The End of Infinite Data Storage Can Set You Free

The belief that we could save endlessly online turned us all into information hoarders. What society needs instead is better systems for preserving public knowledge.

In early January, Google sent an email notifying me that I’d used up 76 percent of my account’s free storage space—the 15 gigabytes shared across Gmail, Google Photos, and Google Drive. I had been vaguely aware that a storage limit did in fact exist and that I might someday reach it, but the notification still caught me off guard. Having lived with the illusion of effectively infinite Google capacity for a decade and a half, I could hardly imagine a world in which I would need to ration my cloud usage and had subconsciously assumed the day would never arrive.

If I failed to get my act together and did exceed my limit, the email informed me, a variety of life-disrupting inconveniences would begin: I wouldn’t be able to send or receive emails, upload files to Drive, create Google Docs, or back up any new photos. I started noticing the ever-present progress bar in the bottom corner of my Gmail window, ticking incrementally toward 100 percent of my limit (and adding a new layer of anxiety to an interface that already generates plenty).

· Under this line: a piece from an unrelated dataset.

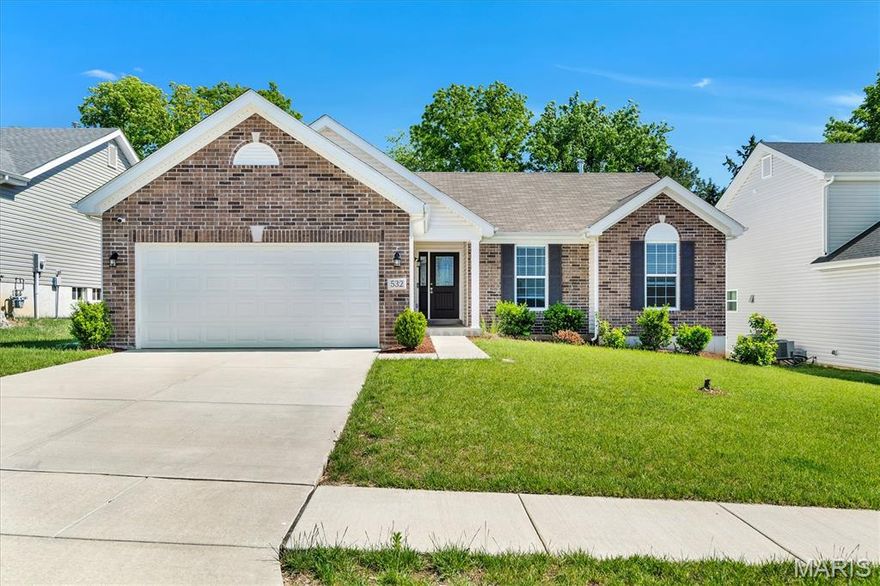 This McBride Homes’ Hickory ranch 3BR 2BA market home is move in ready! Open floor plan features gorgeous luxury vinyl flooring, stainless steel appliances, new carpet and fresh paint. Open kitchen layout with breakfast bar open to dining area, level 4 dark Flagstone kitchen cabinetry, and corner walk-in pantry. Main floor laundry. Master suite features a large walk-in closet and an upgraded master bath with adult height double vanity, large tub with window, walk-in shower, and linen closet. Half wall at stairway to basement. Upgraded lighting, plumbing fixtures, six panel doors, and more! Lexington features a playground, sports court, pavilion with BBQ area and picnic tables! Easy access to Hwy 61, I-70, 40 and Wentzville Parkway! Enjoy peace of mind with McBride Homes' 10 year builders warranty.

In the same email, of course, Google offered me an easy way out, encouraging me to simply pay for a Google One storage plan—a mere $1.99 per month for 100 gigabytes, or $2.99 for 200. But reaching a personal free storage ceiling and having to pay for more, however inexpensive it is, marks a perceptual transition, an acknowledgment that the “cloud” is yet another finite resource distributed across physical servers, not an immaterial ether that can absorb exponentially growing amounts of information at no cost. And if Google eventually charges more for storage, we will almost certainly keep paying without thinking twice. Most likely, we won’t have much of a choice.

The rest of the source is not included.